The answer consists of the lines from the line holding "this 400×300 image." through the last line of the entries, retyped exactly, and nothing else. No pictures belong in it.

++++ WORKING DATA

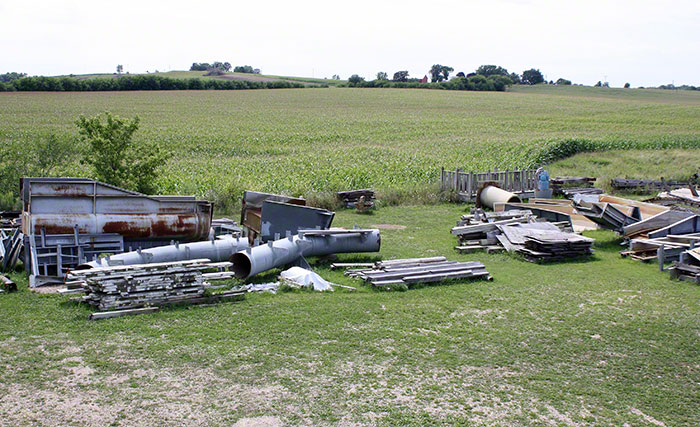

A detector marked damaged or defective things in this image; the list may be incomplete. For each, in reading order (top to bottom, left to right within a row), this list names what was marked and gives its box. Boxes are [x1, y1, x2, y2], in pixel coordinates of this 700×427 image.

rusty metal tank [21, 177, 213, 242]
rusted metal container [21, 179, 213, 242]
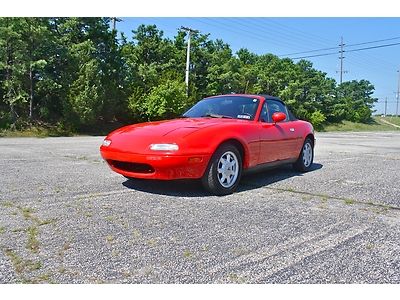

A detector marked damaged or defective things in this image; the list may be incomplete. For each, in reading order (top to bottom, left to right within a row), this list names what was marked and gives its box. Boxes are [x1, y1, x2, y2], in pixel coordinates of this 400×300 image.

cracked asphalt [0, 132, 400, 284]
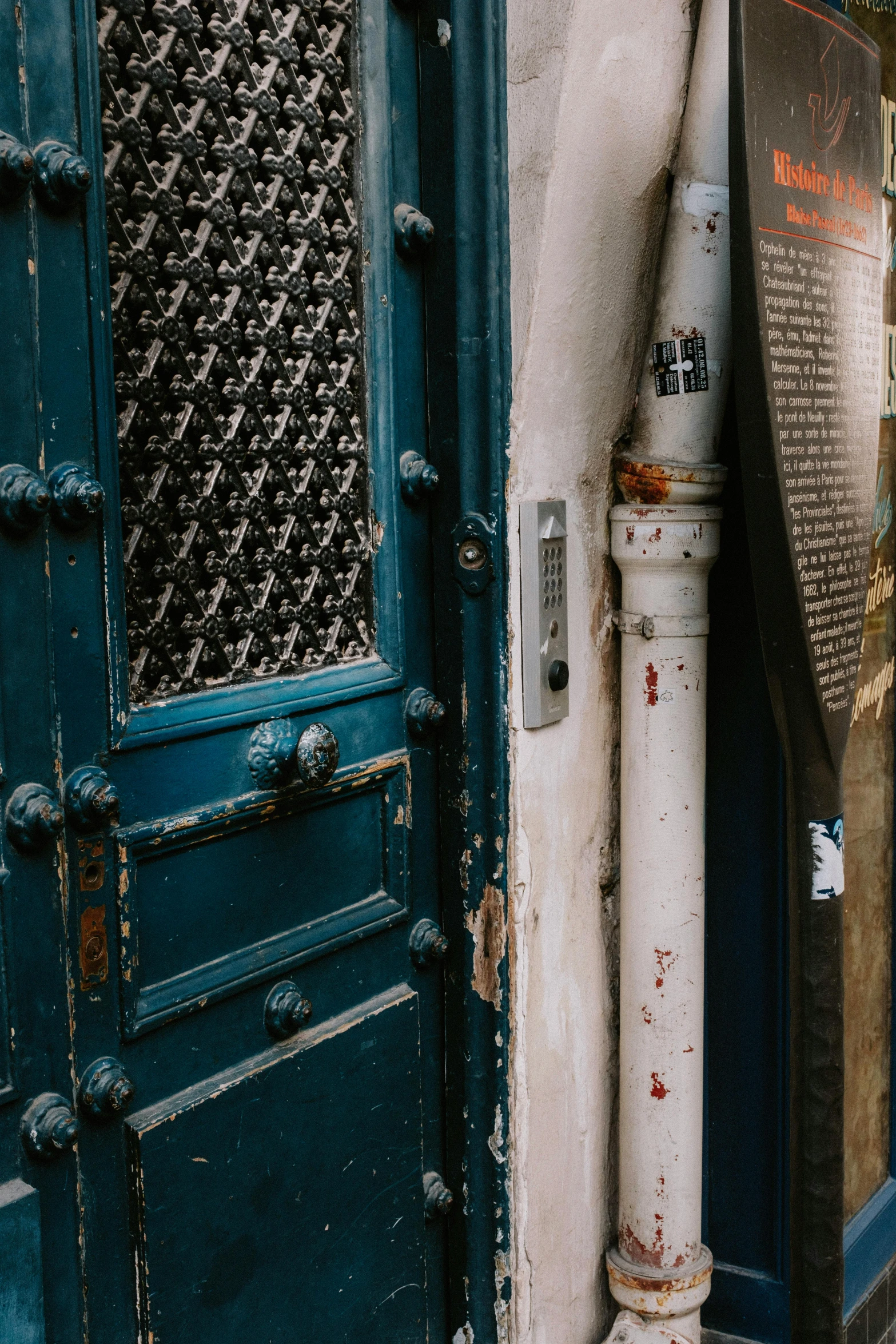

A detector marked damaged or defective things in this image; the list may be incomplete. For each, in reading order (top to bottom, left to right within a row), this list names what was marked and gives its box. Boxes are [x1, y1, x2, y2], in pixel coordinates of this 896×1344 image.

++++++++

> [OUTPUT BELOW]
A detector marked damaged or defective things in this image; the list may be incomplete. For each, in reading order (top to bottom, left to right within a row), this list names what was marked and gives its box. Boxes are [x1, y1, x2, y2], in pixel coordinates of this 400×300 image.

cracked asphalt [0, 132, 400, 284]

A detector marked damaged or defective things in this image; the list may be incomplete. For each, in reading order (top to bottom, left to right within a row), this list names what was marked and gives its box. Boxes are [x1, y1, x2, y2], in pixel coordinates of this 896×1344 image.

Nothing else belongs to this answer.